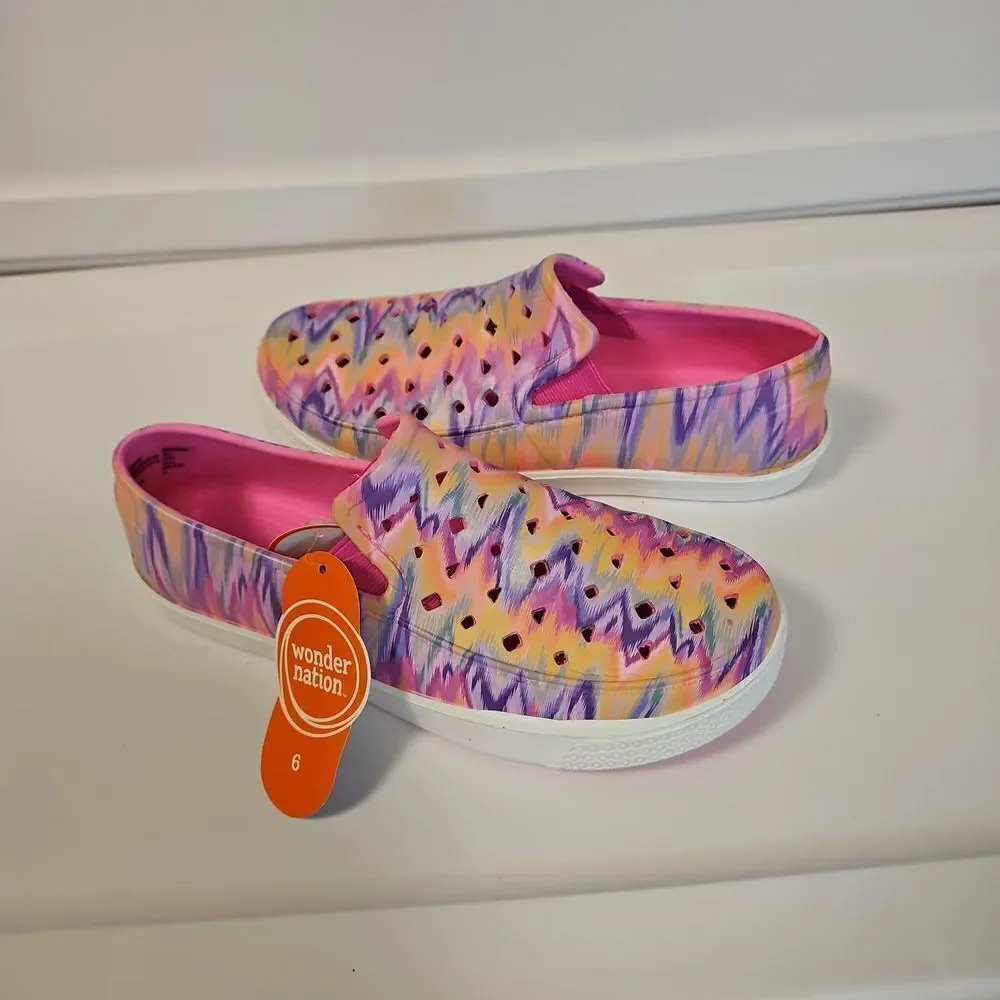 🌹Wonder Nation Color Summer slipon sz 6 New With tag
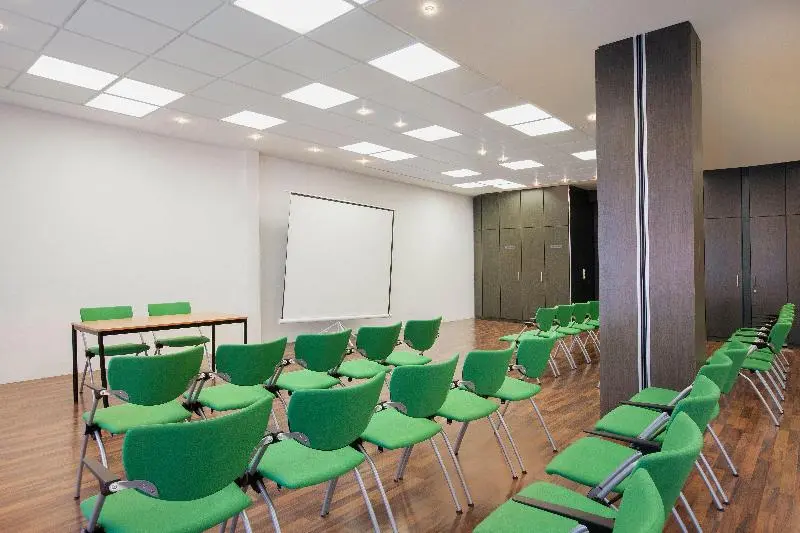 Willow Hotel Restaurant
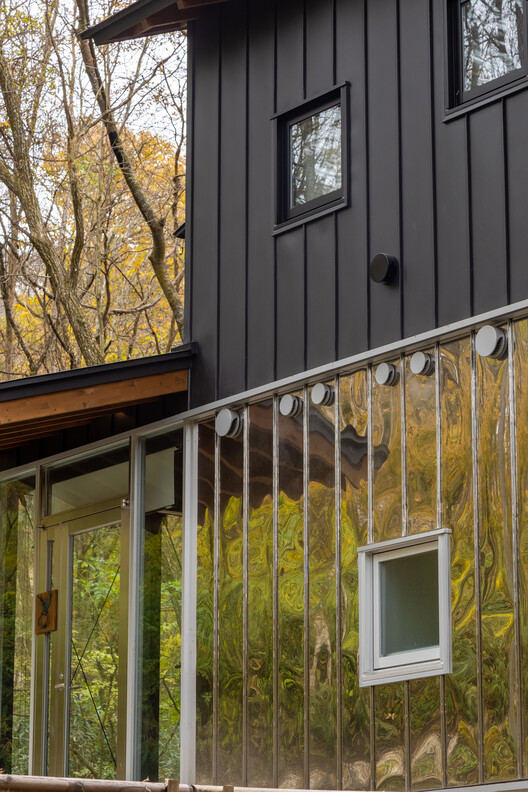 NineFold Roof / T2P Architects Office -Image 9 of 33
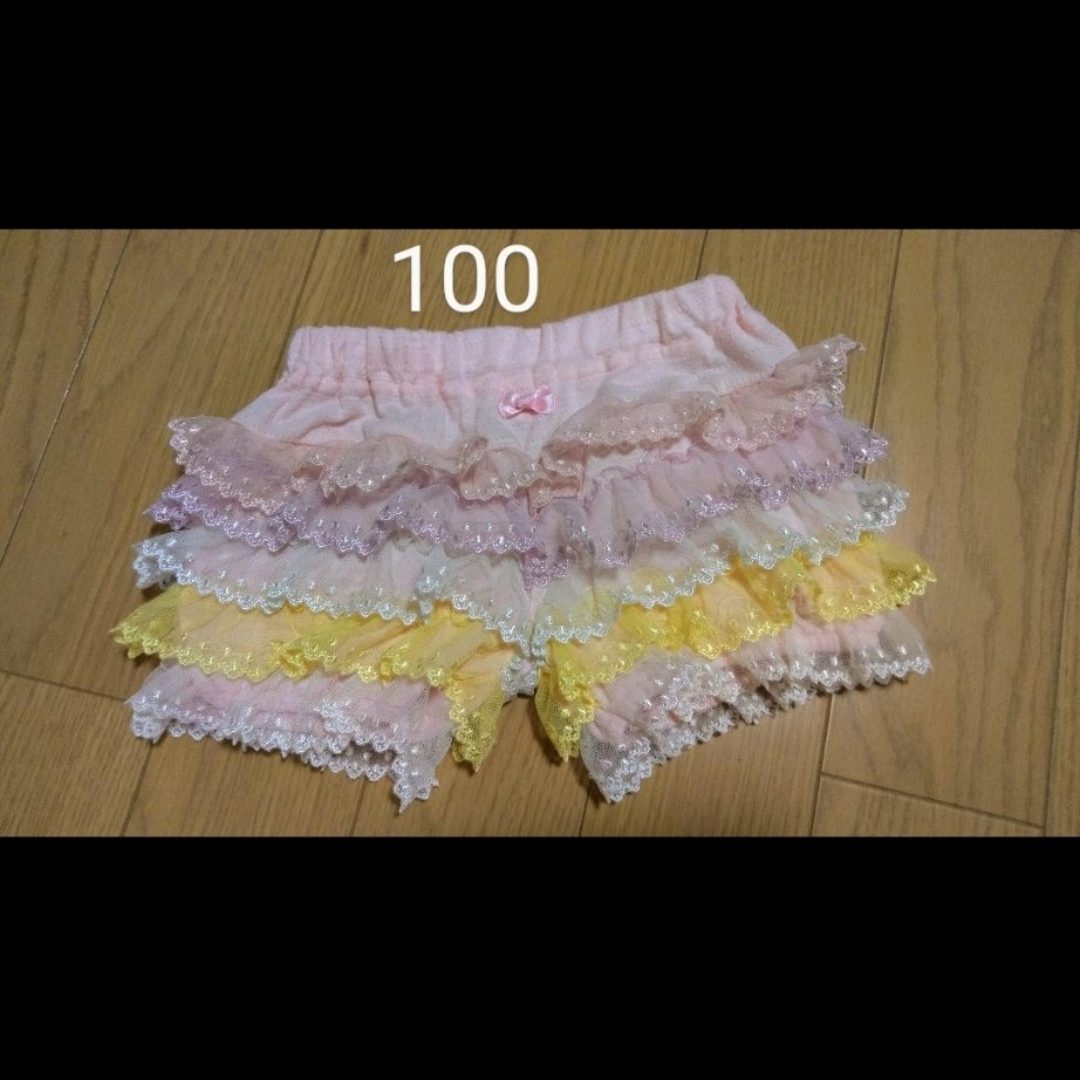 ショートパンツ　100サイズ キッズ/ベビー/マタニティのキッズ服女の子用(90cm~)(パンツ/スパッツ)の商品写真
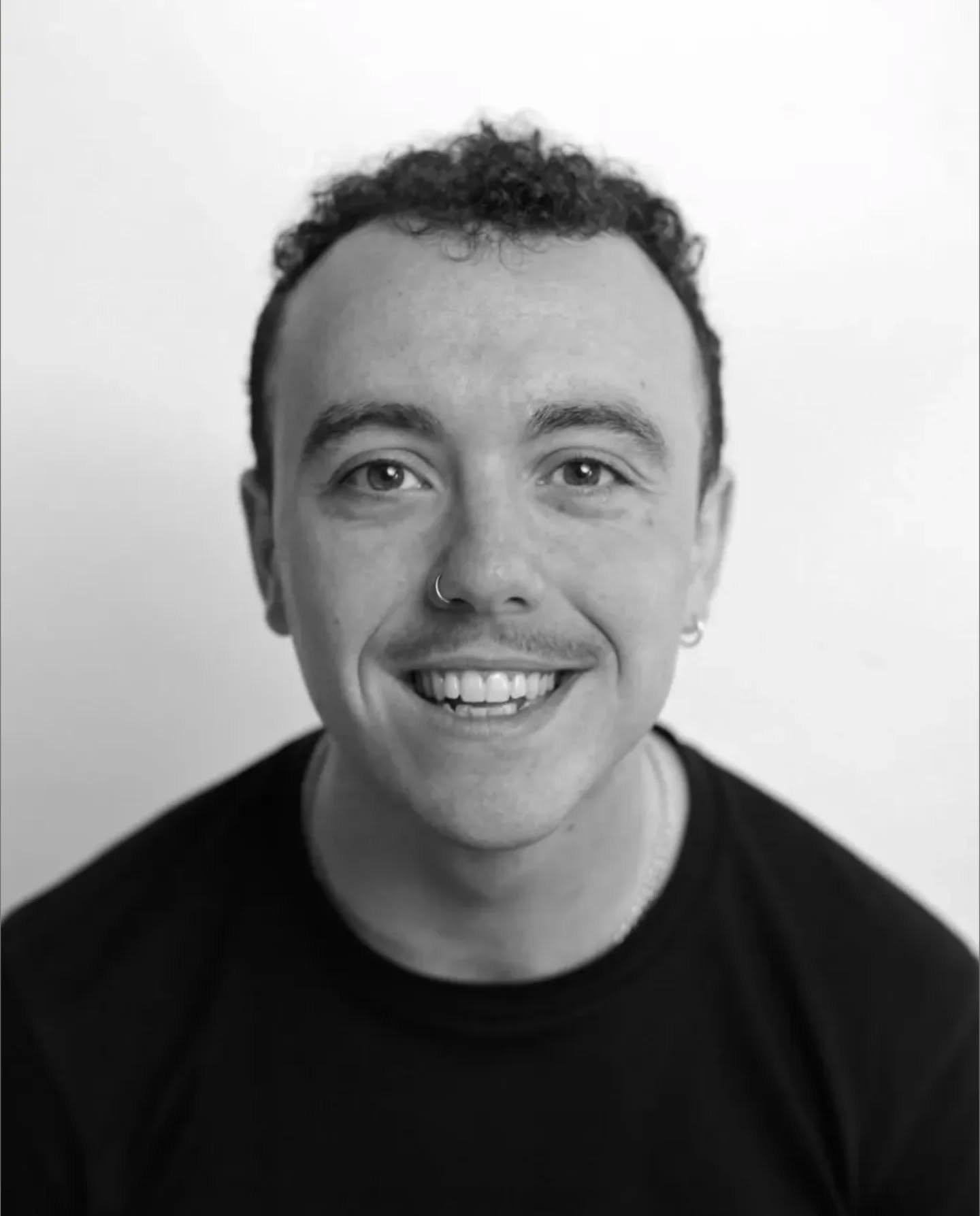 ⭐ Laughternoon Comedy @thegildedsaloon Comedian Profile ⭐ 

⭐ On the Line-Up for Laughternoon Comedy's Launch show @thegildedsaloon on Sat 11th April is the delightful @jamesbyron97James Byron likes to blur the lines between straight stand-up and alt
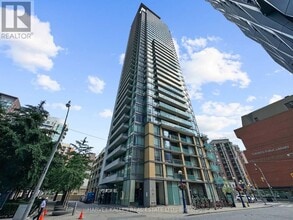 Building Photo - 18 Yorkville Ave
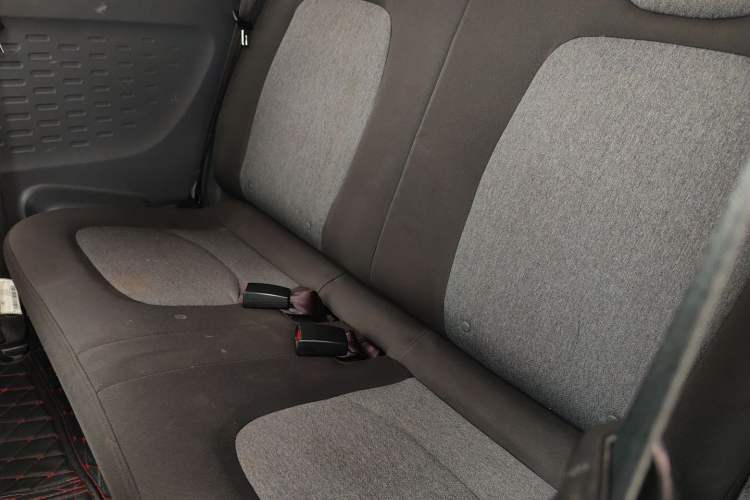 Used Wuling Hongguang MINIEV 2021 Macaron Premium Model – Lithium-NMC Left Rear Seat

---+---

### What the task asks:
In repeating the entries, exclude the pictures and alter nothing else.

### Task solution:
 🌹Wonder Nation Color Summer slipon sz 6 New With tag
 Willow Hotel Restaurant
 NineFold Roof / T2P Architects Office -Image 9 of 33
 ショートパンツ　100サイズ キッズ/ベビー/マタニティのキッズ服女の子用(90cm~)(パンツ/スパッツ)の商品写真
 ⭐ Laughternoon Comedy @thegildedsaloon Comedian Profile ⭐ 

⭐ On the Line-Up for Laughternoon Comedy's Launch show @thegildedsaloon on Sat 11th April is the delightful @jamesbyron97James Byron likes to blur the lines between straight stand-up and alt
 Building Photo - 18 Yorkville Ave
 Used Wuling Hongguang MINIEV 2021 Macaron Premium Model – Lithium-NMC Left Rear Seat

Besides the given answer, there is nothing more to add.